Bajo el suelo del centro, vestigios de la ciudad del siglo XVII

En excavaciones en San Telmo y San Nicolás hallaron vasijas de origen guaraní y fragmentos de platos

Por Catalina Fairstein  | Para LA NACION   

¿Cómo era la vida doméstica porteña en los siglos XVII, XVIII y XIX? Dos importantes excavaciones arqueológicas en los barrios de San Telmo y San Nicolás permiten reconstruir ese pasado gracias a los que ya son los hallazgos más antiguos que hayan tenido lugar en la ciudad.

Una de las excavaciones se está realizando en el estacionamiento lindero al ex convento de Santa Catalina de Siena, en la esquina de la calle Reconquista y la avenida Córdoba, en el barrio de San Nicolás.
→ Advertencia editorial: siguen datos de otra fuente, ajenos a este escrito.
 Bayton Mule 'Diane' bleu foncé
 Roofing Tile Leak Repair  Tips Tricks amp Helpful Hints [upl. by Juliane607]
La otra, en Bolívar al 300, terminó el año pasado y dejó varios objetos hallados que aún se encuentran en proceso de análisis. Entre ellos, fragmentos de lo que podrían ser cacerolas, ollas y platos de finales del siglo XVII. La importancia de los hallazgos es tal, que en esa zona ya comenzó la construcción del que será el primer hotel de temática arqueológica de la Argentina.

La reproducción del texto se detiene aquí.